◆ Dataset records
※ ※ ※

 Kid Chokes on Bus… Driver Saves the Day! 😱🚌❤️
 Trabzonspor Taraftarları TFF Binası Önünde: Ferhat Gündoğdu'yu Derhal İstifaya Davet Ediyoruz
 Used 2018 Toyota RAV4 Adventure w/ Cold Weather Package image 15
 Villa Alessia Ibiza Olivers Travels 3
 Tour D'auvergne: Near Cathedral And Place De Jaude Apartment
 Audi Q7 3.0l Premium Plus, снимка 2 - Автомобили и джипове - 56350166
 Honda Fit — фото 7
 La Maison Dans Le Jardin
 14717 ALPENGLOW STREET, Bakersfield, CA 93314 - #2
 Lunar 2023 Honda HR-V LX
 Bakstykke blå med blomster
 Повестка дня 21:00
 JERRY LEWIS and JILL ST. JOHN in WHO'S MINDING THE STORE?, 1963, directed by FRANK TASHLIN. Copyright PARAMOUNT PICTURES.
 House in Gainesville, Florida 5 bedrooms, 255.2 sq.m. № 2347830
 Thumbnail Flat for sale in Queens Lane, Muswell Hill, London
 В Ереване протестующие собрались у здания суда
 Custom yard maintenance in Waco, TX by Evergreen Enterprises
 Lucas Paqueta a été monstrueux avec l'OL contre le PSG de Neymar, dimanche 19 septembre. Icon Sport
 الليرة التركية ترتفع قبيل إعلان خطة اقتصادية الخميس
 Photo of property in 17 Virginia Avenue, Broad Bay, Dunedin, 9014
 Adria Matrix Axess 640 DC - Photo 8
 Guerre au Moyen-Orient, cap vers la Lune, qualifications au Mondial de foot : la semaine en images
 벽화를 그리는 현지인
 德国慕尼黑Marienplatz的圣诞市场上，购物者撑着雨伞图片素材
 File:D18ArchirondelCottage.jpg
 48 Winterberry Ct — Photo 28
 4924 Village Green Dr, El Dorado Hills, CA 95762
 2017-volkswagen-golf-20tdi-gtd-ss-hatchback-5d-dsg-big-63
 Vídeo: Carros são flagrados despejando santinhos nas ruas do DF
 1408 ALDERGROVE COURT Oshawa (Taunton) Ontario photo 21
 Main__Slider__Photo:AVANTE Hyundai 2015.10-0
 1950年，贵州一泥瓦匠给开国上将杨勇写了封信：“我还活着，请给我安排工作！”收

※ ※ ※

What you write must match the records above line for line.

◆ Result for this exercise
 Kid Chokes on Bus… Driver Saves the Day! 😱🚌❤️
 Trabzonspor Taraftarları TFF Binası Önünde: Ferhat Gündoğdu'yu Derhal İstifaya Davet Ediyoruz
 Used 2018 Toyota RAV4 Adventure w/ Cold Weather Package image 15
 Villa Alessia Ibiza Olivers Travels 3
 Tour D'auvergne: Near Cathedral And Place De Jaude Apartment
 Audi Q7 3.0l Premium Plus, снимка 2 - Автомобили и джипове - 56350166
 Honda Fit — фото 7
 La Maison Dans Le Jardin
 14717 ALPENGLOW STREET, Bakersfield, CA 93314 - #2
 Lunar 2023 Honda HR-V LX
 Bakstykke blå med blomster
 Повестка дня 21:00
 JERRY LEWIS and JILL ST. JOHN in WHO'S MINDING THE STORE?, 1963, directed by FRANK TASHLIN. Copyright PARAMOUNT PICTURES.
 House in Gainesville, Florida 5 bedrooms, 255.2 sq.m. № 2347830
 Thumbnail Flat for sale in Queens Lane, Muswell Hill, London
 В Ереване протестующие собрались у здания суда
 Custom yard maintenance in Waco, TX by Evergreen Enterprises
 Lucas Paqueta a été monstrueux avec l'OL contre le PSG de Neymar, dimanche 19 septembre. Icon Sport
 الليرة التركية ترتفع قبيل إعلان خطة اقتصادية الخميس
 Photo of property in 17 Virginia Avenue, Broad Bay, Dunedin, 9014
 Adria Matrix Axess 640 DC - Photo 8
 Guerre au Moyen-Orient, cap vers la Lune, qualifications au Mondial de foot : la semaine en images
 벽화를 그리는 현지인
 德国慕尼黑Marienplatz的圣诞市场上，购物者撑着雨伞图片素材
 File:D18ArchirondelCottage.jpg
 48 Winterberry Ct — Photo 28
 4924 Village Green Dr, El Dorado Hills, CA 95762
 2017-volkswagen-golf-20tdi-gtd-ss-hatchback-5d-dsg-big-63
 Vídeo: Carros são flagrados despejando santinhos nas ruas do DF
 1408 ALDERGROVE COURT Oshawa (Taunton) Ontario photo 21
 Main__Slider__Photo:AVANTE Hyundai 2015.10-0
 1950年，贵州一泥瓦匠给开国上将杨勇写了封信：“我还活着，请给我安排工作！”收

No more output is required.